The Queen, wearing a pale pink suit by Angela Kelly, beamed as the audience applauded. Later, as she signed the visitors’ book, she asked Dr Niblett: “What’s the date?” When he told her it was November 20, she laughed and said: “Well, of course, I know what the date is!” Adding her signature to the book, she joked: “Now, well that proves I came here.”
Before leaving, she met sixth form politics and government students from All Saints Catholic School and Technology College in Dagenham, who were visiting the institute as part of an outreach programme. She asked them about their studies and whether they had watched Sir David’s series. “It must be very interesting to come here and see and listen to what is going on,” she remarked. Headteacher Clare Cantle said afterwards: “It was an honour. I’m so proud of our young people. This is a wonderful opportunity.”

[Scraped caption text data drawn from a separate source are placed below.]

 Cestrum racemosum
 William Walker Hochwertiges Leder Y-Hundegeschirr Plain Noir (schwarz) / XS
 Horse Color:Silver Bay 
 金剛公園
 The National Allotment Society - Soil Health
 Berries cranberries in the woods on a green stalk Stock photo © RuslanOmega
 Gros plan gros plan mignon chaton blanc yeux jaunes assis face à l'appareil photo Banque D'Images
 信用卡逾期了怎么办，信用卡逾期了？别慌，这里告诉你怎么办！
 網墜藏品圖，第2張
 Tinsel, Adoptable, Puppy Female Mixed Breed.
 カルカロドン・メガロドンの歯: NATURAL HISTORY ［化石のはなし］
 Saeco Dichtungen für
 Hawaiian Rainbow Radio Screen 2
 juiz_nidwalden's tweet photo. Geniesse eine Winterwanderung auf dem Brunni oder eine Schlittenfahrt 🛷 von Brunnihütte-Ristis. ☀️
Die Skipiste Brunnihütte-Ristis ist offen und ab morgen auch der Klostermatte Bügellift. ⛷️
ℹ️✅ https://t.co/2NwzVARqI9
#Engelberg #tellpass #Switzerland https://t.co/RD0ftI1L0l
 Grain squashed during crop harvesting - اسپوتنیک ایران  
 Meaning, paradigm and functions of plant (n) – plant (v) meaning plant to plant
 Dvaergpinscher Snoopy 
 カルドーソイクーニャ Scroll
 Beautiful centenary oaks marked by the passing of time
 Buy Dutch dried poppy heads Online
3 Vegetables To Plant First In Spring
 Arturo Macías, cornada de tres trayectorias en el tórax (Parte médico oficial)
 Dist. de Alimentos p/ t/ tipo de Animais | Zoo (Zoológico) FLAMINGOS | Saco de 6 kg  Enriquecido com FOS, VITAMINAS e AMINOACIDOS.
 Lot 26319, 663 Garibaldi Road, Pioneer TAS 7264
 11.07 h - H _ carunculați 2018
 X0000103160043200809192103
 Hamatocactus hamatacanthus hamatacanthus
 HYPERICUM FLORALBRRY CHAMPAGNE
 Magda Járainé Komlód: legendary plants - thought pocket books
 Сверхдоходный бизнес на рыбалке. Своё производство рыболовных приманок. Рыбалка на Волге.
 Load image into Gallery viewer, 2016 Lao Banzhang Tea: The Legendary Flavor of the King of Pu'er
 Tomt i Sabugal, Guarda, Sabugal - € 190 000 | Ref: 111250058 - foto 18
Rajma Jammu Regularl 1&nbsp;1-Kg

The annual prize recognises the person, people or organisation deemed to have made the most significant contribution to improving international relations in the previous year. Sir David and the BBC were honoured for "the galvanising impact of the Blue Planet II series on tackling ocean plastic pollution." The Blue Planet II series highlighted the damage caused by discarded plastics to the world’s oceans and marine wildlife. It is estimated that there are more than 150 million tonnes of plastic in the world’s oceans; resulting in the deaths of 1 million birds and 100,000 sea mammals each year.